Only the lines from the beginning of the entries through the one that holds "Today I will" may appear in the answer, written out exactly and free of pictures.

◆ EXERCISE MATERIALS:
[Start of Attachment]

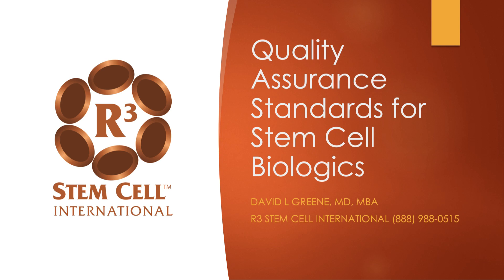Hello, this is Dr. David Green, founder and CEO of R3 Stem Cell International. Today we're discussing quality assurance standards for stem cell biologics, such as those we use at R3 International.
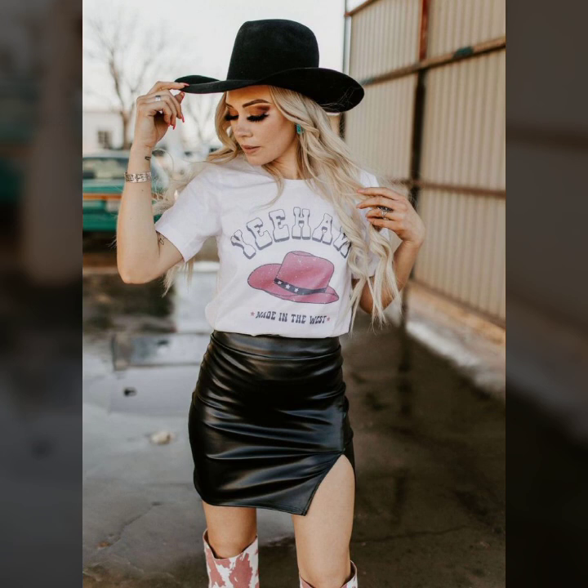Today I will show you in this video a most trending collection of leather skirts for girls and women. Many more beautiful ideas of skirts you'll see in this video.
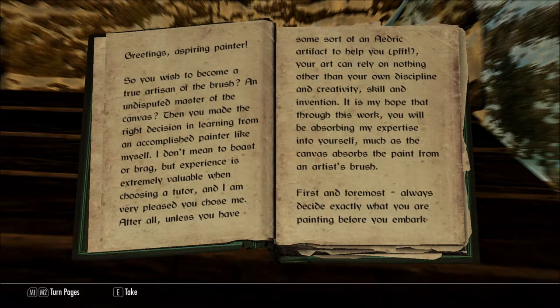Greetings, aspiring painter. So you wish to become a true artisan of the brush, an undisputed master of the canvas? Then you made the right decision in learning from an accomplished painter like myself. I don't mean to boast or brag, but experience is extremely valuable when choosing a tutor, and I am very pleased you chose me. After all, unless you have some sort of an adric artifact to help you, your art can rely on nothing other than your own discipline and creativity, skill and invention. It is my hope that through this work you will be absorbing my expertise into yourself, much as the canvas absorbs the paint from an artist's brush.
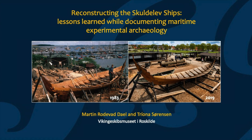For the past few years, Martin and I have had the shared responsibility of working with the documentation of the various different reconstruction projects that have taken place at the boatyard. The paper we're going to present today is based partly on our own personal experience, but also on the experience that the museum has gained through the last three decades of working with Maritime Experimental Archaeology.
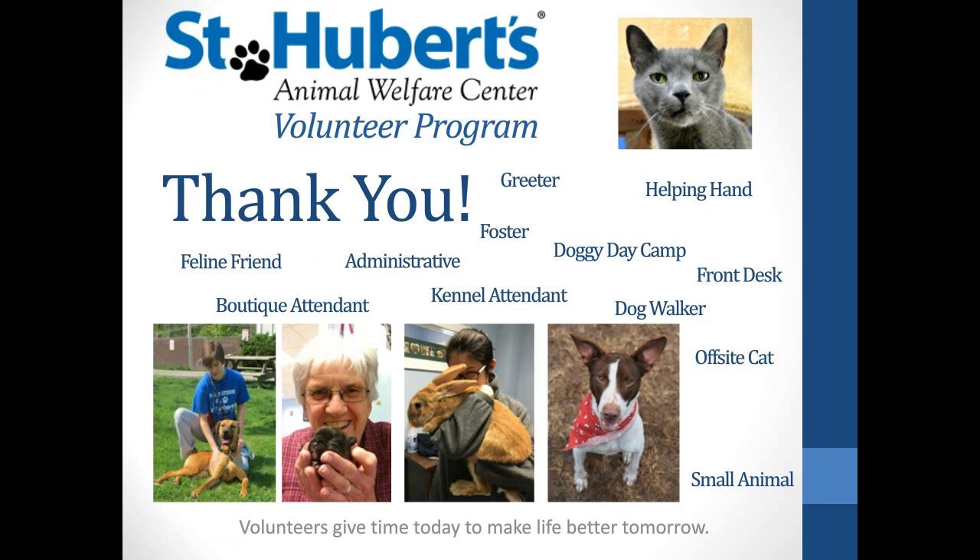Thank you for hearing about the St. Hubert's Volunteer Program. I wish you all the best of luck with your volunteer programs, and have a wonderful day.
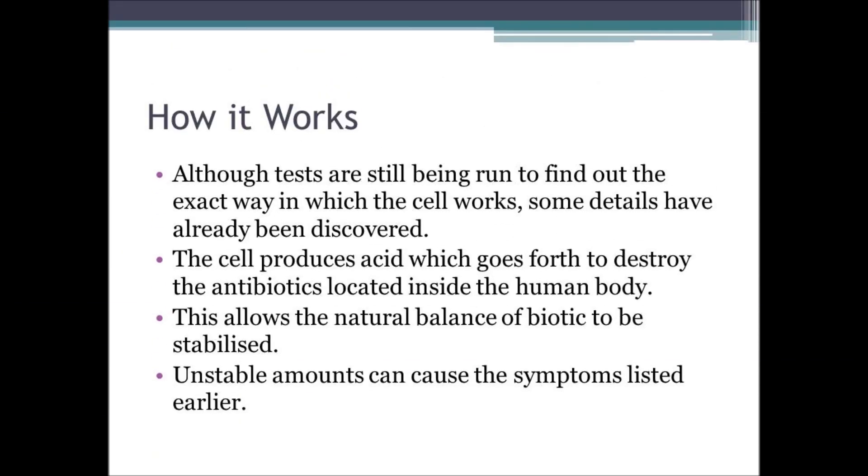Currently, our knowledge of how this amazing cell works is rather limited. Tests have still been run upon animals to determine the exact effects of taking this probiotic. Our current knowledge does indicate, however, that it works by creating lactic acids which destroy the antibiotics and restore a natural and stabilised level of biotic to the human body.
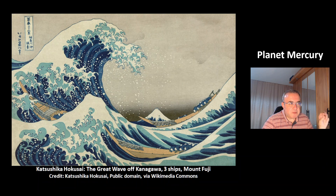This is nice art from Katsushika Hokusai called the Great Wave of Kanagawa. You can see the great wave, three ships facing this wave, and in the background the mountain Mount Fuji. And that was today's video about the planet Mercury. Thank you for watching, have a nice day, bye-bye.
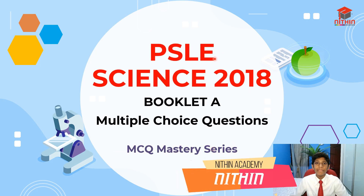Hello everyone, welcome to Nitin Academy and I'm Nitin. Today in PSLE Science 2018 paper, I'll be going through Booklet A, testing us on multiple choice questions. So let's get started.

[End of Attachment]

◆ RESULT BELOW:
Hello, this is Dr. David Green, founder and CEO of R3 Stem Cell International. Today we're discussing quality assurance standards for stem cell biologics, such as those we use at R3 International.
Today I will show you in this video a most trending collection of leather skirts for girls and women. Many more beautiful ideas of skirts you'll see in this video.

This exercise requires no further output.